On Sunday, Kahoʻokahi Kanuha – a leader in the Thirty Meter Telescope opposition movement – announced that a deal had been reached. The Mauna Kea Access Road was closed two weeks ago to ensure safe passage for TMT construction crews but has been blocked by opponents of the project ever since.
“The state has accepted the deal, allowing one carload of TMT opposition up the mountain for cultural purposes in exchange for access for all observatory technicians to access the summit area,” Kanuha said during a press conference.
“From here on out, those who wish to perform maintenance on the telescopes will have unobstructed access to the Mauna. We have made an agreement,” Kanuha explained. “They will gave us the name of the telescope and the amount of the individuals going up to the mountain. That will be checked and confirmed. And upon confirmation they will have access. In return, we have been granted access of one vehicle a day.”
There have been some reports of observatory personnel accessing the mountain since that time.
However, the Maunakea Observatories refute the claim that a deal has been made.
“Contrary to recent reports, the Maunakea Observatories have not made a deal with activists for ongoing access to our telescope facilities,” wrote Jessica Dempsey, the deputy director of the East Asian Observatory, in a media release issued on Monday. “Since the Maunakea Observatories’ directors made the joint decision to remove all remaining personnel from Maunakea on Tuesday, July 16, there has been no consistent staff presence at our telescope facilities to provide the kind of regular maintenance required by our complex systems and delicate instrumentation.”
We continue to closely monitor the health of our telescopes remotely from our base facilities. As issues that are critically time-sensitive are identified for technology that is at risk of significant damage, the Observatories notify law enforcement and the Office of Maunakea Management. If law enforcement tells the Observatories that our staff will not be blocked from entering and exiting the Maunakea Access Road, the Observatory directors carefully assess the situation and, if the safety risk is determined to be low, send a small crew of the smallest number of technicians needed to successfully complete the work required.
These efforts are urgent technical work required to prevent irreversible damage to the telescopes and instruments.
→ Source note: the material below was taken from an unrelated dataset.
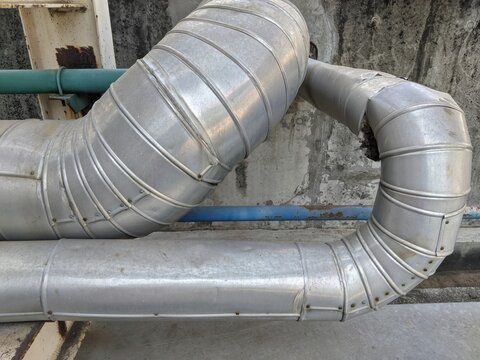 Damaged thermal insulation jacket on industrial steam pipelines outside factory wall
With the current level of access, the Observatories are still unable to resume operations.
For regular operations, our observatories need safe, consistent access to our facilities for not only technicians, but all of our staff — and our local contractors and vendors — in order to keep our facilities functional.
The Maunakea Observatories continue to support the efforts of state and county law enforcement to restore safe and reliable conditions on the Maunakea Access Road.
Hawaiʻi County Mayor Harry Kim plans to hold a press conference today at 2 p.m.
UPDATE: On reports of a deal being reached, the office of the Hawaiʻi County mayor said “that story is inaccurate”.
UPDATE: The state, however, has confirmed that an agreement was made. “In order to enable at least some access by observatory technicians, limited access has been granted to cultural practitioners blocking the road,” said Dan Dennison, the Senior Communications Manager for the Hawaiʻi Department of Land & Natural Resources. “The observatories are not parties to this conversation,” he added.